Die Dortmunder und Chicagoer Wissenschaftler haben damit erstmals gezeigt, dass die chemische Synthese von zwei in der Natur wechselwirkenden Proteinen zu einem biologisch komplett funktionstüchtigen Proteinpaar führen kann. Dies belegen die Thermodynamik und Art der Wechselwirkung zwischen beiden Proteinen, die sich von den Eigenschaften vergleichbarer biologisch synthetisierter Proteine nicht unterscheiden. Eine schematische Darstellung der Synthese zeigt Abb. 2. Das Ras-Protein wird wegen seiner Länge (166 Aminosäuren) aus drei, das RBD-Protein aus zwei Fragmenten durch Synthese auf einer festen Phase hergestellt. Damit die Ligationsreaktion zu einer natürlichen Peptidbindung führt, müssen die Enden der Fragmente, die miteinander verknüpft werden sollen, chemisch in entsprechender Form vorliegen, genauer der C-Terminus des N-terminalen Fragments muss als Thioester vorliegen und die erste Aminosäure des folgenden Fragments als ein Cysteinrest.
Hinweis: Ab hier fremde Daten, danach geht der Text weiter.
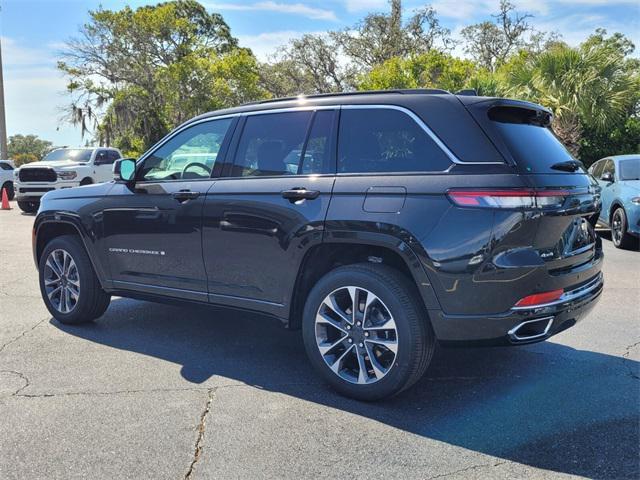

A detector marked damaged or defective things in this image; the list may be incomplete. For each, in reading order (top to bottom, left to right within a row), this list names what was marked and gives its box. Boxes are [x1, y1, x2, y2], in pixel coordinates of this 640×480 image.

Nach der Ligation der Fragmente entstehen lange Proteinketten, die zunächst noch nicht in ihrer natürlichen Form vorliegen, da sie nicht korrekt „gefaltet“ sind. Diese Faltung der Proteine gelingt jedoch mit relativ einfachen Methoden in wässriger Lösung, so dass voll funktionsfähige Proteine entstehen.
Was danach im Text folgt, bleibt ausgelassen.